Remnants
Finalist for the 2022 Governor General's Literary Award for Translation
Winner of the 2022 VMI Betsy Warland Between Genres Award
Remnants is an exploration of our relationships with family and perception, told through a profound investigation of a father's life and sudden death. Employing various voices and hybrid forms—including dialogues, questionnaires, photographs, and dream documentation—Huyghebaert builds a fragmented picture of a father-daughter relationship that has been shaped by silences and missed opportunities.
The reader attempts to untangle fact from fiction: multiple versions of Huyghebaert's father are presented while remnants of his life disappear achingly quickly.
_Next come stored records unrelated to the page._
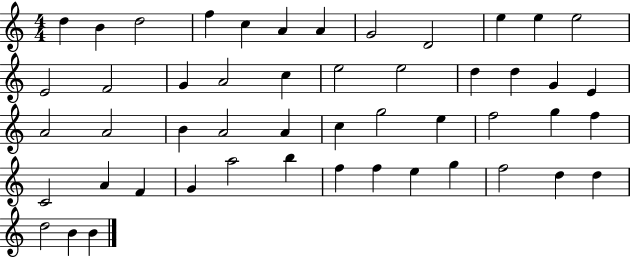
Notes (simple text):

D5/q B4/q D5/h F5/q C5/q A4/q A4/q G4/h D4/h E5/q E5/q E5/h E4/h F4/h G4/q A4/h C5/q E5/h E5/h D5/q D5/q G4/q E4/q A4/h A4/h B4/q A4/h A4/q C5/q G5/h E5/q F5/h G5/q F5/q C4/h A4/q F4/q G4/q A5/h B5/q F5/q F5/q E5/q G5/q F5/h D5/q D5/q D5/h B4/q B4/q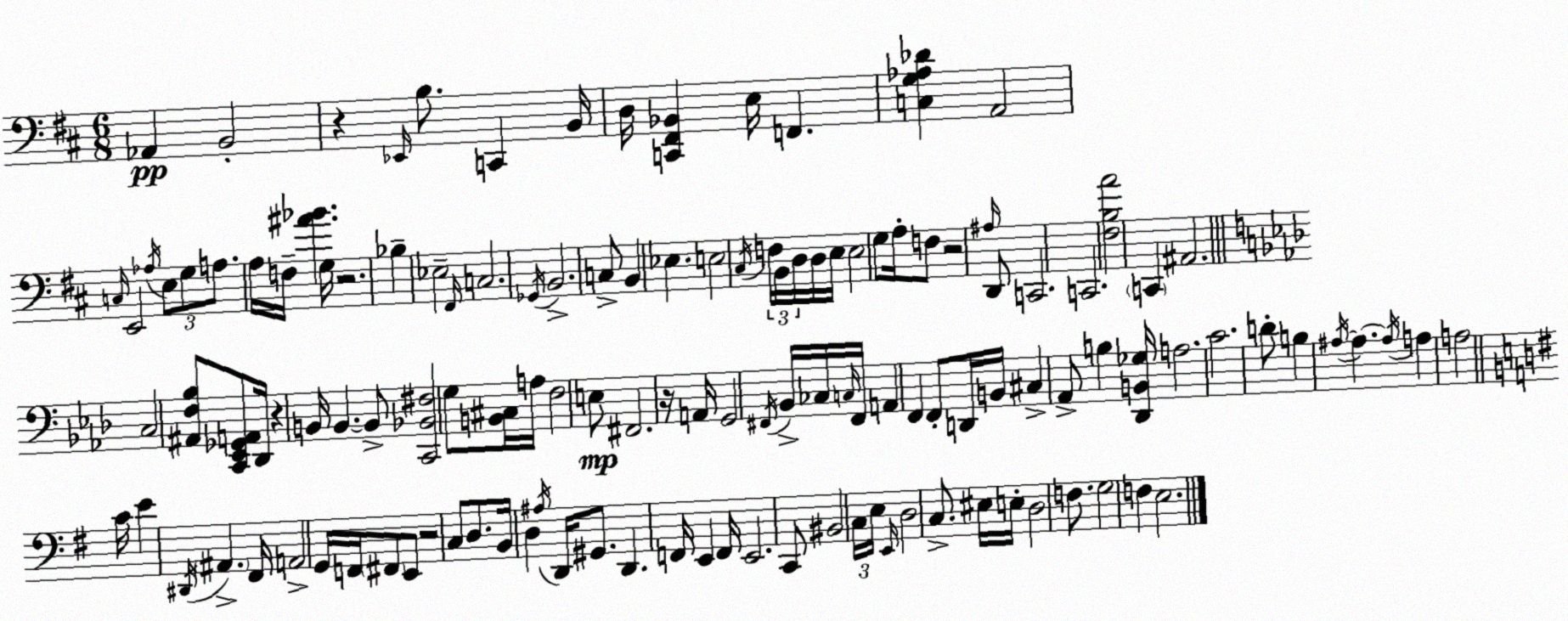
X:1
T:Untitled
M:6/8
L:1/4
K:D
_A,, B,,2 z _E,,/4 B,/2 C,, B,,/4 D,/4 [C,,^F,,_B,,] E,/4 F,, [C,G,_A,_D] A,,2 C,/4 E,,2 _A,/4 E,/2 G,/2 A,/2 A,/4 F,/4 [^A_B] G,/4 z2 _B, _E,2 ^F,,/4 C,2 _G,,/4 B,,2 C,/2 B,, _E, E,2 ^C,/4 F,/4 B,,/4 D,/4 D,/4 E,/4 E,2 G,/2 A,/4 F,/2 z2 ^A,/4 D,,/2 C,,2 C,,2 [^F,B,A]2 C,, ^A,,2 C,2 [^A,,F,_B,]/2 [C,,_E,,_G,,A,,]/2 _D,,/4 z B,,/4 B,, B,,/2 [C,,_B,,^F,]2 G,/2 [B,,^C,]/4 A,/4 F,2 E,/2 ^F,,2 z/4 A,,/4 G,,2 ^F,,/4 _B,,/4 _C,/4 C,/4 ^F,,/4 A,, F,, F,,/2 D,,/4 B,,/4 ^C, _A,,/2 B, [_D,,B,,_G,]/4 A,2 C2 D/2 B, ^A,/4 ^A, ^A,/4 A, A,2 C/4 E ^D,,/4 ^A,, ^F,,/4 A,,2 G,,/4 F,,/4 ^F,,/2 E,,/2 z2 C,/2 D,/2 B,,/4 D, ^A,/4 D,,/4 ^G,,/2 D,, F,,/4 E,, F,,/4 E,,2 C,,/2 ^B,,2 C,/4 E,/4 E,,/4 D,2 C,/2 ^E,/4 E,/4 D,2 F,/2 G,2 F, E,2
What is left of someone who was not important enough to be archived? How do we talk about what no longer exists?
Winner of the Governor General's Literary Award for French-language fiction, Remnants asks essential questions we often only peer at from the corner of an eye; questions about the value of life in its duration and passing. This is a transcendent work, ideal for readers of Annie Ernaux, Sophie Calle, and Maggie Nelson.
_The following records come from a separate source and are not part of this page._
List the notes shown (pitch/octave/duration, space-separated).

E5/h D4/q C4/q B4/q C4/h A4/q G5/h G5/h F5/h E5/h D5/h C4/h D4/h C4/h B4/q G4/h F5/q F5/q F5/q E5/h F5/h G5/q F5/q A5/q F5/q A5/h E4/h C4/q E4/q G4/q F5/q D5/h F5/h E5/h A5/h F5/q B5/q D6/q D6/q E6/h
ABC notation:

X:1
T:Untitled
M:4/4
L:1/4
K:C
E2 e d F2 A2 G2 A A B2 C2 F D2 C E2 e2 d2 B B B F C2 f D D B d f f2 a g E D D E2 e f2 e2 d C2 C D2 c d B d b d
CÉLINE HUYGHEBAERT is an artist and a writer. Her work, at the intersection of visual arts, language and literature, has been exhibited in France and Canada. In 2019, she won the Governor General's Literary Award for French-language Fiction for her first novel, Le drap blanc, published by Le Quartanier, and she was awarded the Bronfman Fellowship in Contemporary Art. Born in France in 1978, she has been living in Montréal since 2002.
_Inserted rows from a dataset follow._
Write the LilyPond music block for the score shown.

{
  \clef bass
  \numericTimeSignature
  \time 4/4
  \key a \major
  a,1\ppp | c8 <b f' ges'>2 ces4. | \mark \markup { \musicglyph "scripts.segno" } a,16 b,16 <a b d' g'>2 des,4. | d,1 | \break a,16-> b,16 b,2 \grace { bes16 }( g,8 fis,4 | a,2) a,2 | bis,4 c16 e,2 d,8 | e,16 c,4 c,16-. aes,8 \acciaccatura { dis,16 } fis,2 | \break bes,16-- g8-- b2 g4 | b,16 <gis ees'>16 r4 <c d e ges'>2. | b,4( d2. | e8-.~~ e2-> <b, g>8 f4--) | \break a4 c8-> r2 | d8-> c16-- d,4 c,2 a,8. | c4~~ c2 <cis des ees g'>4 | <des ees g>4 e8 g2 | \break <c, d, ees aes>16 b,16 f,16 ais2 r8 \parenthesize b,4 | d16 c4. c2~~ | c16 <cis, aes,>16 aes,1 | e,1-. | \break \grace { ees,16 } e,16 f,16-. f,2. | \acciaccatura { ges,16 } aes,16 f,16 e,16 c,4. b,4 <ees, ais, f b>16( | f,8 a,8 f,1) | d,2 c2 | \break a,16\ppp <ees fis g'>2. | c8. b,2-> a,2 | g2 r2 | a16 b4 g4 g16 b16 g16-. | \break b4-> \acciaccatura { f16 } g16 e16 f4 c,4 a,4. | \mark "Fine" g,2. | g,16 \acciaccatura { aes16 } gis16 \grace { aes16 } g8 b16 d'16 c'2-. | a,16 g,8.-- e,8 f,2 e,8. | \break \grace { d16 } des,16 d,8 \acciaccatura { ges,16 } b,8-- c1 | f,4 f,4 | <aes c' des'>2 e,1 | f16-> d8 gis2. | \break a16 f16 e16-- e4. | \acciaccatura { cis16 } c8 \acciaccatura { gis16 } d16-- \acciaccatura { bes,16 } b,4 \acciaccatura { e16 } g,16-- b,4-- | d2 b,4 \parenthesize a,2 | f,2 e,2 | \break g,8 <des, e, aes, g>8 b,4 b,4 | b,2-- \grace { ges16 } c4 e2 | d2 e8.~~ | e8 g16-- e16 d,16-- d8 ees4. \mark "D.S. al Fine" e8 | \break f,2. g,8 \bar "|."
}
ALESHIA JENSEN is a French-to-English literary translator and former bookseller living in Tio'tia:ke/Montréal. Her translations include Explosions by Mathieu Poulin, a finalist for the 2018 Governor General's Literary Award for Translation; Prague by Maude Veilleux, co-translated with Aimee Wall; as well as numerous graphic novels, including work by Julie Delporte, Catherine Ocelot, Mirion Malle, and Pascal Girard.